Partitions, clones, and GeoPlexs aid in one of the thorniest operations problems: incremental test and deployment of new functionality. The operations staff can do rolling upgrades of most application changes by first installing them on a few nodes and closely monitoring the behavior. Should something go wrong it will impact a small part of the user community – often a part that has signed up for this dog-food service. If that part of the deployment goes well, the changes can be gradually rolled out over the space of days or weeks, with the constant option of falling back on the old system if the changes create problems.

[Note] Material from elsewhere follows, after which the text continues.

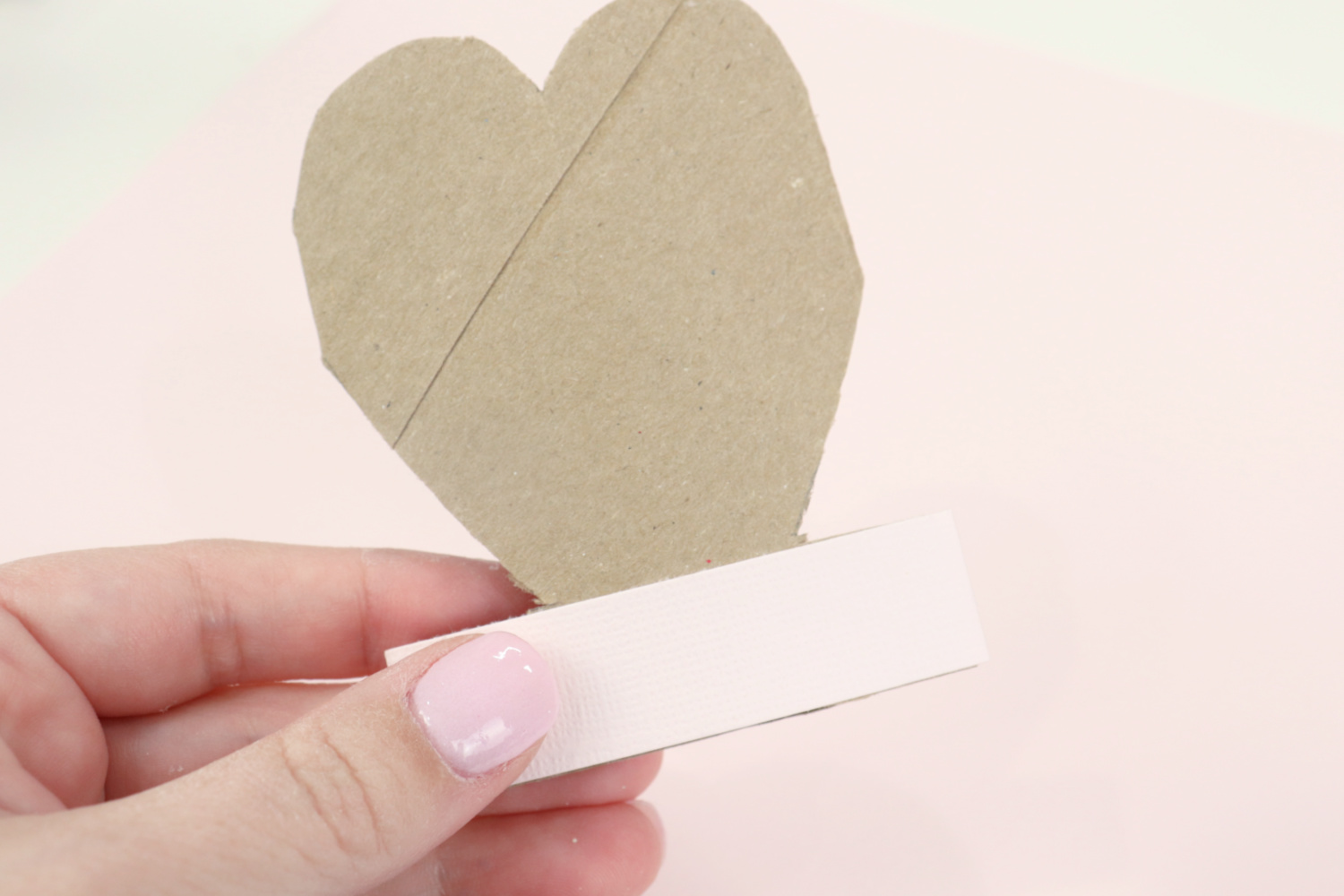 Image contains Amy’s hand holding a toilet paper roll cut into a heart shape with pink cardstock wrapped around the bottom.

Clones, packs, load balancing, failover, and fallback all improve availability – and they are all automatic. So, why has availability gotten worse? To be honest, I do not know – but here is what I conjecture. Some of these might be due to novel technology, e.g., wireless transmission in the case of cell phones and wireless data services. But, even classical applications have gotten worse. Taking Microsoft as an example, the most spectacular MSN outages of late have been due to operations mistakes (misconfigured a router) and sabotage (denial of service attacks). A geoplex might have helped the first problem, and indeed MSN has now contracted with a third party to geoplex the DNS service. But traditional techniques do not really address the sabotage problem. We have been operating the TerraServer (terraserver.) for 3 years now. It is now a cloned front-end with a 4-way 3-active, 1-standby server pack. The SQL backend has delivered 5-9s of availability over the last year -- even though one node had some serious hardware problems. But, due to some operations and sabotage problems, the end-user has seen more like Class-2 service.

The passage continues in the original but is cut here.